Window on Eurasia: ‘What Awaits Russia if a National Revolution Wins Out?’ Moscow Analyst Asks

Paul Goble

Vienna, February 1 – The revolutionary events in Tunisia and Egypt raise the possibility, one Moscow analyst says, that Russia too may be on the verge of its own, “sixth” revolution, one that would likely be far bloodier and more violent than the 1991 events and that could resolve some of Russia’s fundamental contradictions but only at an enormous cost.
In an essay entitled “Thoughts about the Unthinkable,” Grani.ru essayist Yevgeny Ikhlov says that because “every thoughtful statesman” should be thinking about that possibility in the wake of recent events, it is time to ask “what awaits Russia in the event of a victory of its National Revolution?’ (www.grani.ru/blogs/free/entries/185802.html).
(Ikhlov adds in a footnote that “only now has become clear the wisdowm of the neo-conservatives of the Bush team, who insisted on pushing democratic reforms across the entire world and in the first instance in the Near East, and all the idiotism of their post-liberal critics who asserted that enlightened authoritarianism is more useful for non-Western peoples.)
“The pan-Arab democratic revolution” is occurring at just the time when “the end of Putinism” appears to be at hand, Ikhlov says, and he suggests that Russia may face what some of the Arab countries have: a revolution when the armed forces, who had been willing to crush opponents, refuse to move “against His Highness the People.”

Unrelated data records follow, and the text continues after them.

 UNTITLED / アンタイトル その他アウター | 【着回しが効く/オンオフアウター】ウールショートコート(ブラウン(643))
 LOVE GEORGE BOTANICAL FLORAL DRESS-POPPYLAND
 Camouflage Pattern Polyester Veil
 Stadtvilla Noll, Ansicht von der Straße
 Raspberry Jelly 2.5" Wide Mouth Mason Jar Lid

According to Ikhlov, “the Tunisian regime was not only headed by an Arab Medvedev, it literally fulfilled all the plans of step by step modernization, literally according to the INSOR ‘reminiscence about the future.’ And this was the result:” an Arab revolution, “anti-corruption and anti-authoritarian at its base” recalling “the chain reaction” in Eastern Europe 20 years ago.

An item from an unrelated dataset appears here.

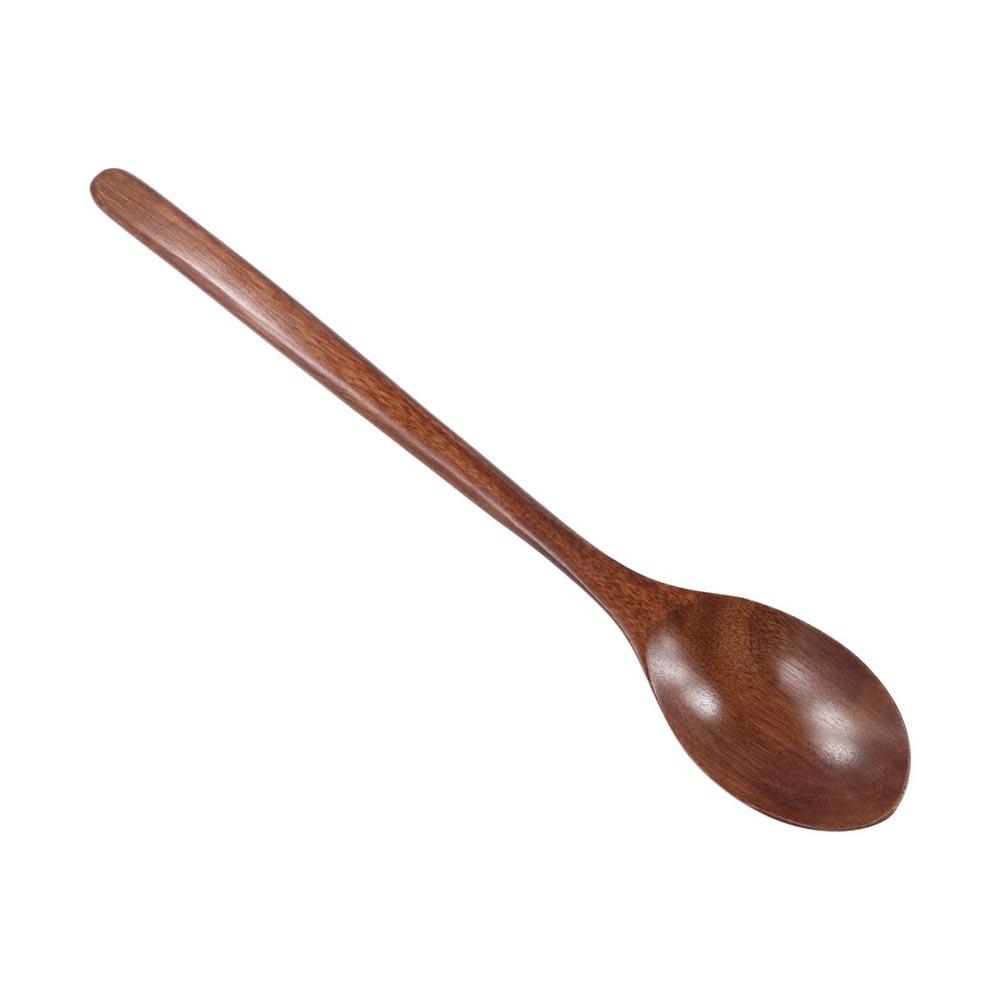 Scratch Retro Kitchen Tea Coffee Tableware Teaspoon Wooden Spoon Fork Stirring Spoon Coffee Spoon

In the Tunisian events, he continues, “there was no anti-modernist egalitarian impulse so much a part of the Islamist revolution of Khomeini [in Iran in 1979] and ‘popular Bolshevism’ [in Russia] in 1917-1920,” despite the predictions of many that these latest events would proceed along the same path.
Ikhlov argues that one of the most interesting aspects of such repetitions in history is the tendency of each new phase to deal with issues that defined the previous period and structures and that could not be solved by it. Indeed, sometimes the real success of one revolution comes only in the next one, with the victory of March 1917 happening only in August 1991.

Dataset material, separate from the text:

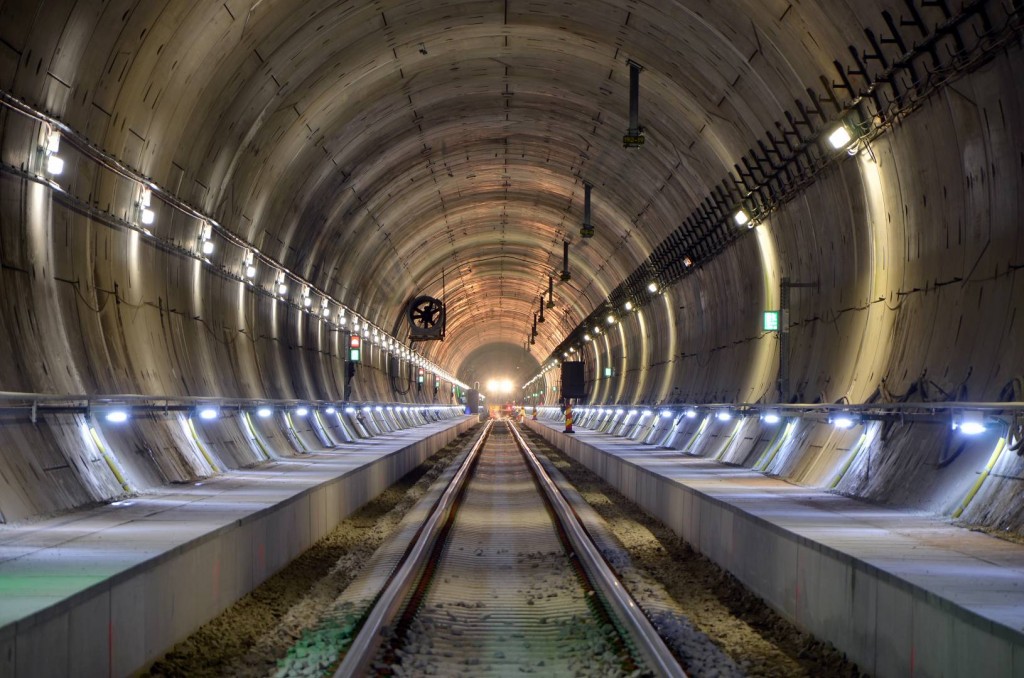 Imagen del interior del túnel de Hallandsås. Foto: Trafikverket.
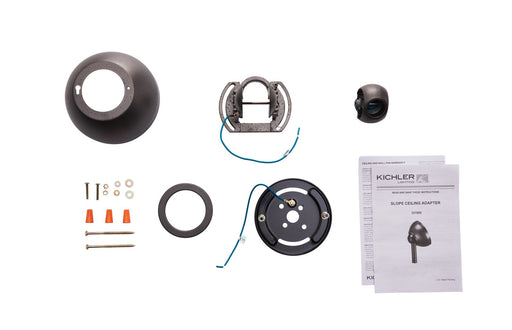 Kichler 337005AVI Slope Adapter, Anvil Iron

But the process of revolutionary change varied widely, and Ikhlov suggests that the approaching “fifth Russian revolution will not be so touchingly ‘velvet’ … or ‘orange’ [as were its predecessors] but on the contrary will be very harsh, sudden and literally a reversal of course as it was in Romania, Kyrgyzstan, Tunisia and Egypt …”
After the Manezh violence on December 11th, most Russian analysts focused on the likely “role of the Russian nationalist movement” in any such cataclysm. But Ikhlov says that it appears to him that “in the course of genuinely mass actions, the national-xenophobic, chauvinist component” is likely to quickly decline in importance.
That possibility, he suggests, makes it even more important to “look into the unthinkable.” And he calls for considering the December 11 events as “the beginning of the Great Russian National Revolution; in other words, that the moving force of the fifth Russian Revolution will become Russian neo-Nazism or revolutionary fascism” of the Mussolini-type.
Would such a revolution be capable of dealing with the growing problems Russia faces? Ikhlov suggests that it would have to address a large number of issues and would be forced to make “a complete break with the imperial inheritance. “In the case of a National Revolution … would arise an [ethnic] Russian state.”
“This would end,” Ikhlov says, “the 500-year-long argument of two tendencies in post-Horde Russian history – between the striving to the elaboration of a continental empire and the striving to the formation of a national state of the European type.”
Relatively few “have taken note,” he says, that in the past year, a cardinal change of direction has occurred within Russian nationalism.” Pan-Slavist dreams have been forgotten, unification with Belarus dropped, the division of Ukraine no longer discussed. Instead, “the dominant theme” has been “’the exclusion’ of the Caucasus from Russia.”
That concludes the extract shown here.